There are advantage in offering packages of coaching sessions rather than charging as you go by session, hour or month. The client is then committed to work with you for a period of time to achieve their outcomes. Also by offering several different packages you can make your coaching affordable to a wider range of clients.

I offered several different program options so there was something for most needs and  budgets.  The variations in your programs can be for length of sessions or number of sessions in a series and whether you include in between session email or text contact or brief telephone calls. You could also offer a discount for online rather than face to face coaching.

Here are some suggestions around putting your packages together.

  • You can work out your packages on your hourly rate, charging less per hour the more sessions in the package. This means there is a real advantage to the client for signing on for a package with more sessions.
  • I used to offer three packages - three, six, and eight sessions - and found it worked to recommend the middle package of six whilst the package of three was good for those keen but on a limited budget. Of course you can decide how many sessions you want to include in your life coaching package. At the end of the series the client could either sign up for a further series or have single sessions as needed at the per sessions rate they were paying for the package.   
  • Many coaches offer monthly packages and specify how many sessions to be taken each month. I see a disadvantage of this is that "life happens" and as some clients invariably need to reschedule, this can disrupt the monthly plan. However, it's a matter of experimenting to see what works for you.

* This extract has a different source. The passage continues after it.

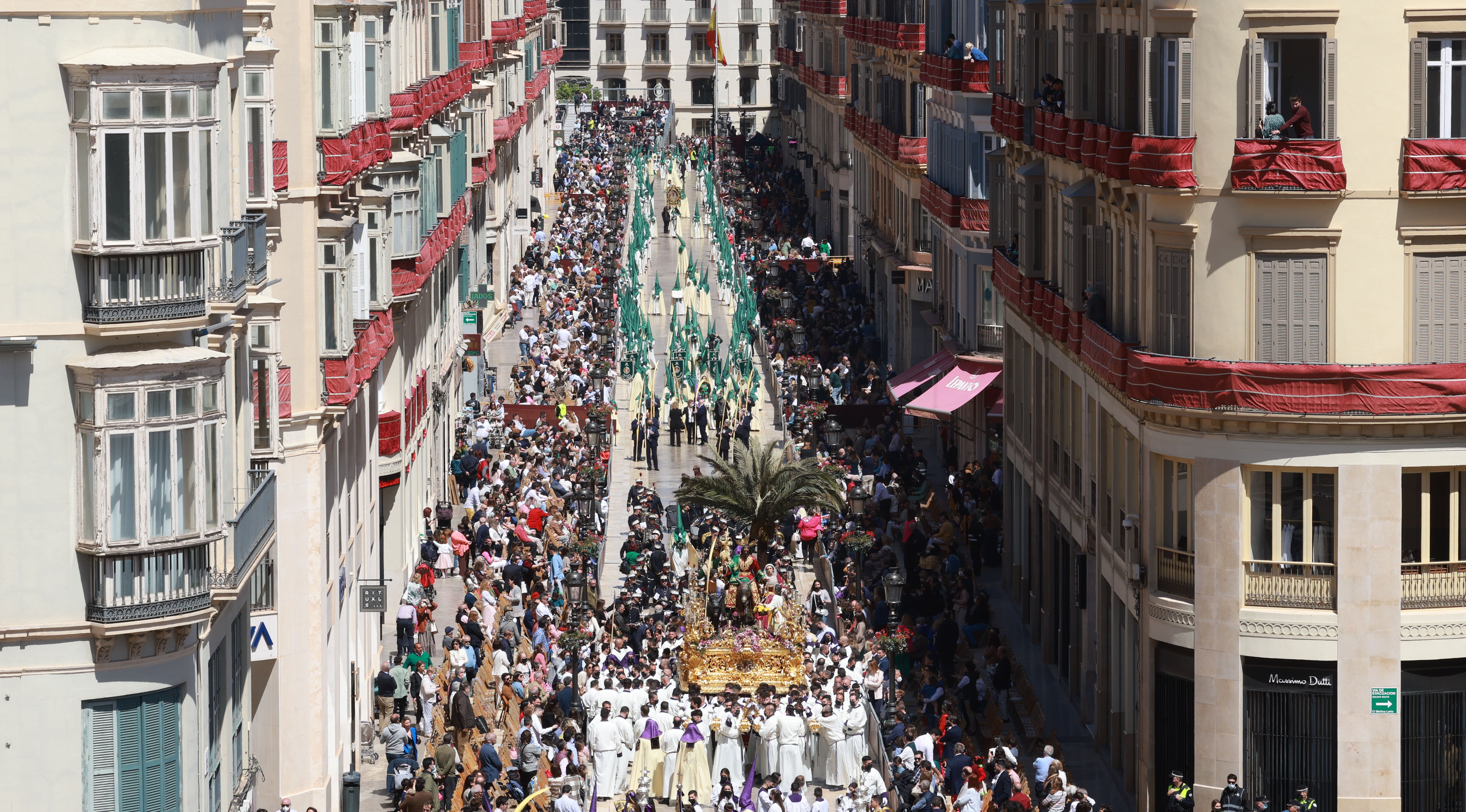 El cortejo de la Pollinica desfile por la calle Larios de la ciudad de Málaga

How And When To Raise Your Life Coaching Fees

A red cash register for taking life coaching fees

Let's assume you have really begun to grow in confidence as a life coach. 

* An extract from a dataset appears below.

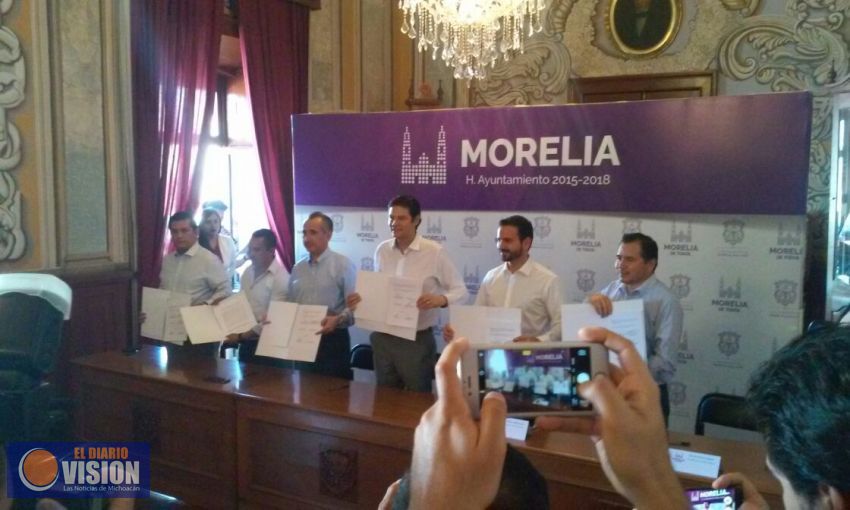 Realizan convenio ayuntamiento y sindicato de limpia y transporte.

You have identified your coaching niche or ideal client demographic, your coaching calendar is full and you know from the feedback you are delivering quality results.

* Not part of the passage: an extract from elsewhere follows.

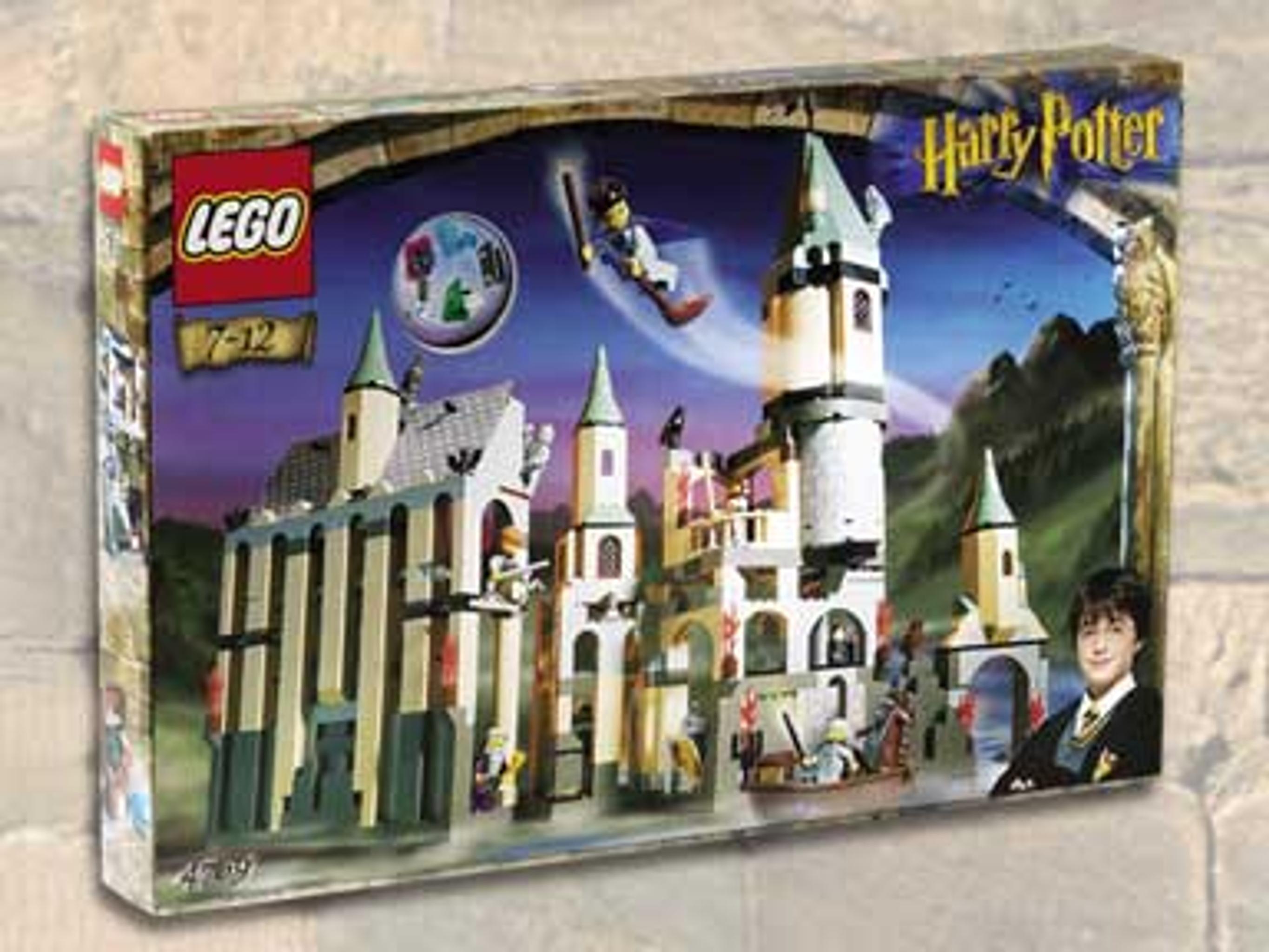 LEGO Hogwarts Castle {1st edition}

It could be time to increase your fees and capitalise on your experience and popularity.

Here are six ways to help you decide if the fee you are now charging is still appropriate or it is time for a raise.

1. Do some market research

If you haven't already, find out what other well established  coaches in your field are charging. Keeping in mind the 'Don't Compare' edict above. Make sure what they are offering is similar to your coaching service. 

2. Review the type of clients you are working with

Have they changed since you began coaching? Have you changed or added to your niche  since you began coaching?

For example you may have started to attract a more prosperous client or even feel you have grown enough as a coach to focus on a market that was more commercially rewarding for you.

3. Have you gained extra specific qualifications?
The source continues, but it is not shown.